Prior to using the application, any changes to the city's map had to be done using desktop GIS, which is expensive and requires a user with GIS skill. Now individuals with no GIS credentials can fully edit the map layers they have access to.
For example, in the past, Virginia Beach city staff had to produce an annual map book that detailed yearly changes to the city’s property. Personnel would cull data from email communications and paper maps and manually make the updates over a six-month period. That time investment is no longer needed, since users can use the GeoMedia Smart Client to do the updating as changes happen.
The technology is a blend of the two GIS worlds because while it connects to the Internet and can be used remotely without any administration or licensing costs like Web GIS, it also has rich editing and stylistic capabilities similar to desktop GIS. Although the city still uses desktop GIS, Jessen said a lot of the GIS work can now be distributed across the city to many users, lessening the impact on the GIS department.
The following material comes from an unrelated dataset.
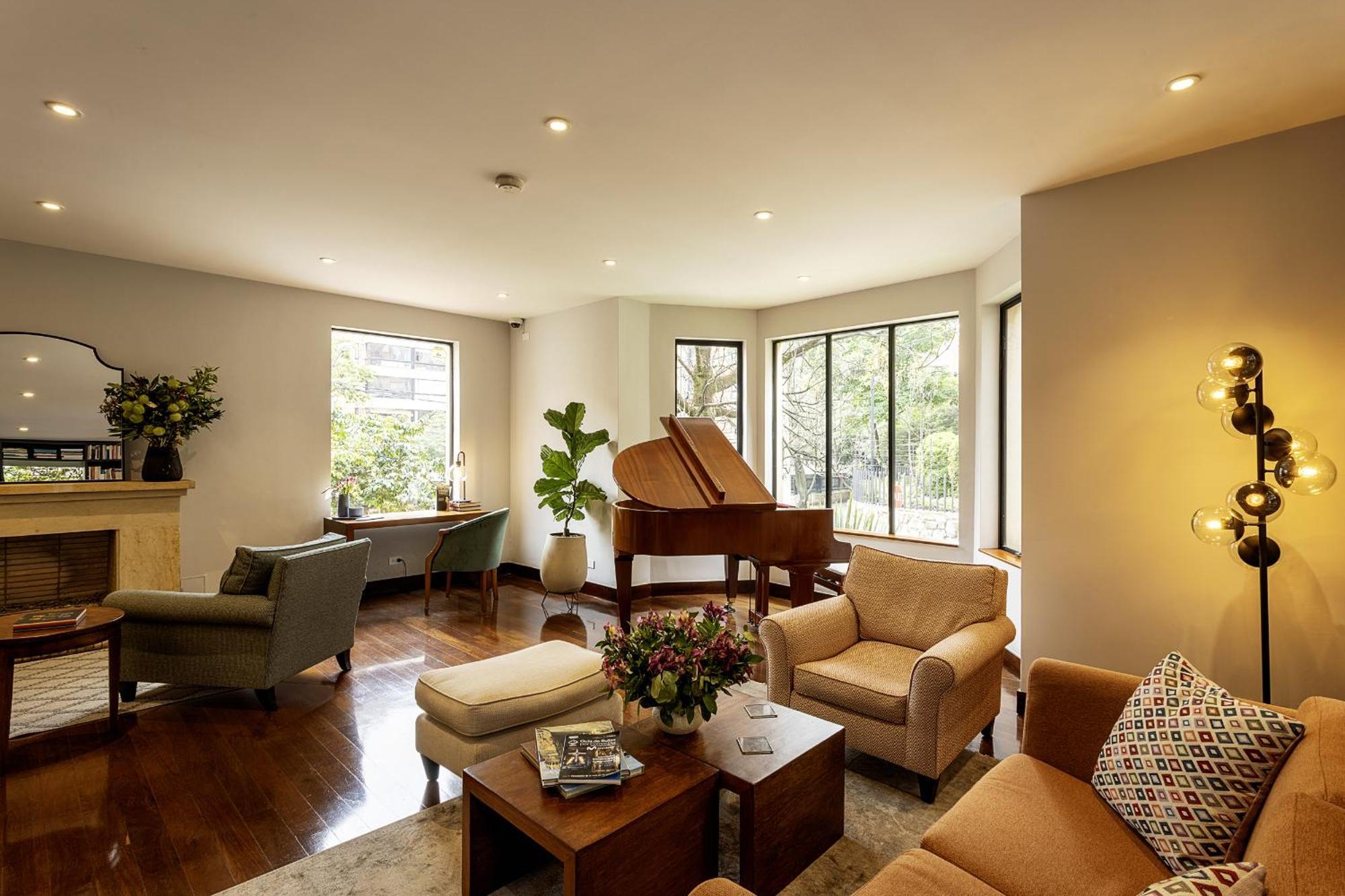 Hotel Bh La Quinta Bogotá Eksteriør billede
Although the GeoMedia Smart Client has been around for several years, it has come stateside just this year. According to Dave Holmes of Intergraph Business Development, a number of European organizations use the application for asset management, ranging from public works assets to road and rail management. Virginia Beach is one of the first jurisdictions in the United States to use the product.
Virginia Beach plans to use the technology for a variety of purposes: to collect addresses, track real estate transactions and the city's 2,000 parcels, note building inspections and plan fire hydrant locations for commercial buildings.
Using the technology's workflow manager, city staff can also customize forms and displays with XML to tailor the product to the needs of each department. Rob Jessen, the city's GIS coordinator, said he has been able to maintain and change those forms, making it a moldable product for Virginia Beach.
"The big advantage for us is that it is a very flexible configuration," Jessen added.
The GeoMedia Smart Client is still in a pilot phase and is being deployed in Virginia Beach's public works, parks and recreation and economic development departments and the city attorney's office. When the pilot ends in October, the city's fire, planning and public utilities departments will also roll out the application.